Raw data

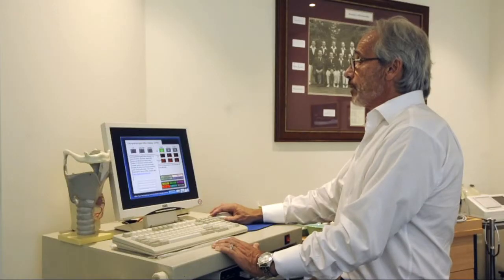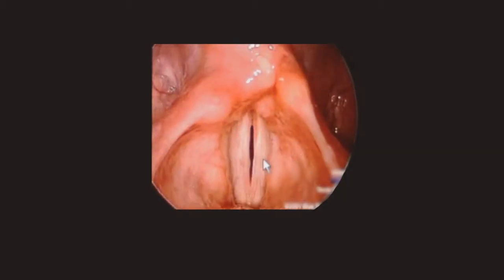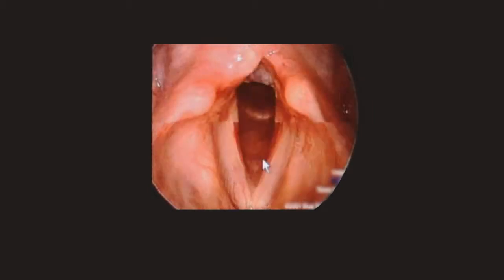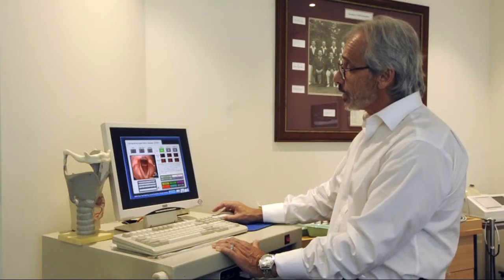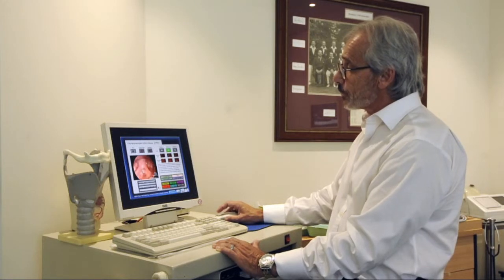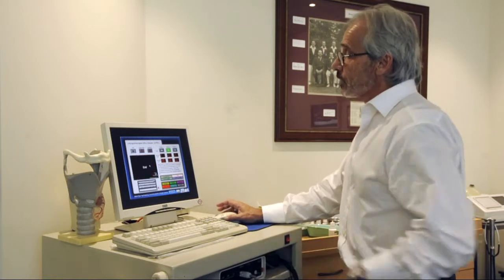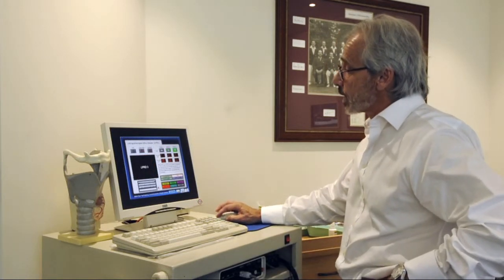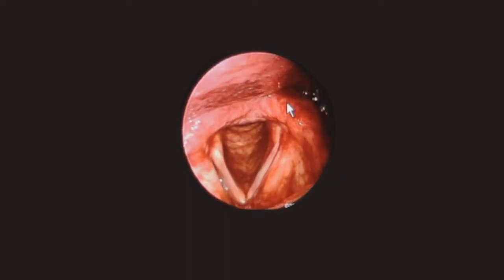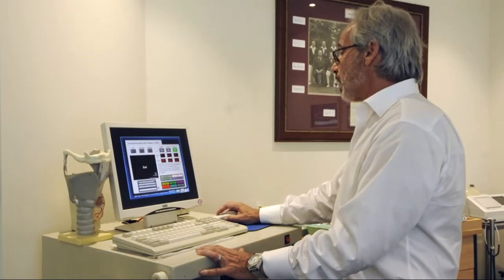Reflux-induced pharyngolaryngitis, or changes in the larynx associated with reflux, are very common. You can see here that there's an increased vascularity of the cords — they're redder, they're thicker, and the surrounding area is also inflamed. In patient two, you will notice that the lining is thickened at the back of the larynx and overlying the vocal cord due to the ongoing irritation of acid coming up from the stomach, irritating and soiling the larynx. These changes called reflux-induced pharyngolaryngitis are very common in terms of laryngeal disorders.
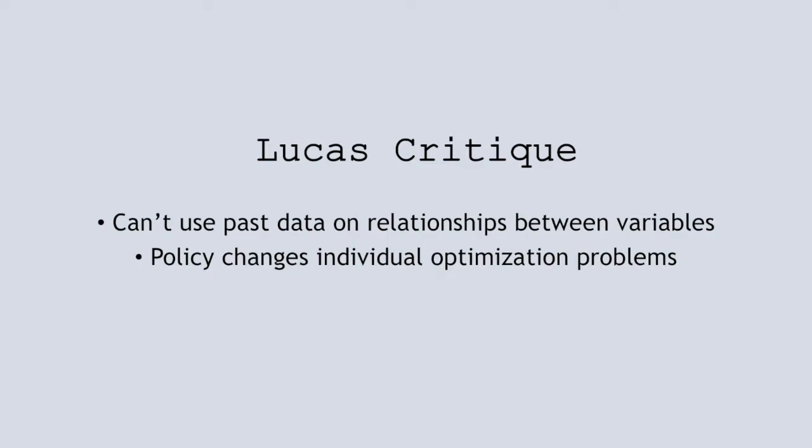As individual behavior will change when policy changes, the relationship shown by past data may no longer be true after a policy change.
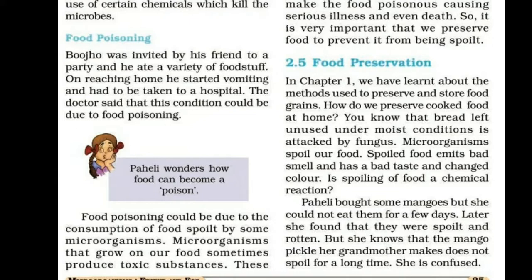How do we preserve cooked food at home? You know that bread left unused in moist conditions is attacked by fungus. The microorganisms spoil our food. Spoiled food emits bad smell, has a bad taste, and a changed color.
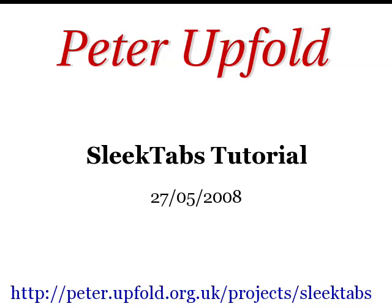Hi there, I'm Peter Upfold and I'm the creator of SleekTabs. SleekTabs is a program written in PHP that makes it easy for you, the web developer, to build web pages that feature tabbed interfaces.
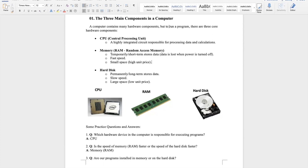Let's do a brief review of the three components needed to run a program. First is the CPU. The CPU is an integrated circuit — it's shown in this picture. It's highly integrated but very small, and we can see a lot of metal blocks constituting a large-scale integrated circuit. The CPU is the brain of a computer, responsible for processing data and performing calculations.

Aim of the exercise
Return the entries verbatim without images.

Answer to this task
Reflux-induced pharyngolaryngitis, or changes in the larynx associated with reflux, are very common. You can see here that there's an increased vascularity of the cords — they're redder, they're thicker, and the surrounding area is also inflamed. In patient two, you will notice that the lining is thickened at the back of the larynx and overlying the vocal cord due to the ongoing irritation of acid coming up from the stomach, irritating and soiling the larynx. These changes called reflux-induced pharyngolaryngitis are very common in terms of laryngeal disorders.
As individual behavior will change when policy changes, the relationship shown by past data may no longer be true after a policy change.
How do we preserve cooked food at home? You know that bread left unused in moist conditions is attacked by fungus. The microorganisms spoil our food. Spoiled food emits bad smell, has a bad taste, and a changed color.
Hi there, I'm Peter Upfold and I'm the creator of SleekTabs. SleekTabs is a program written in PHP that makes it easy for you, the web developer, to build web pages that feature tabbed interfaces.
Let's do a brief review of the three components needed to run a program. First is the CPU. The CPU is an integrated circuit — it's shown in this picture. It's highly integrated but very small, and we can see a lot of metal blocks constituting a large-scale integrated circuit. The CPU is the brain of a computer, responsible for processing data and performing calculations.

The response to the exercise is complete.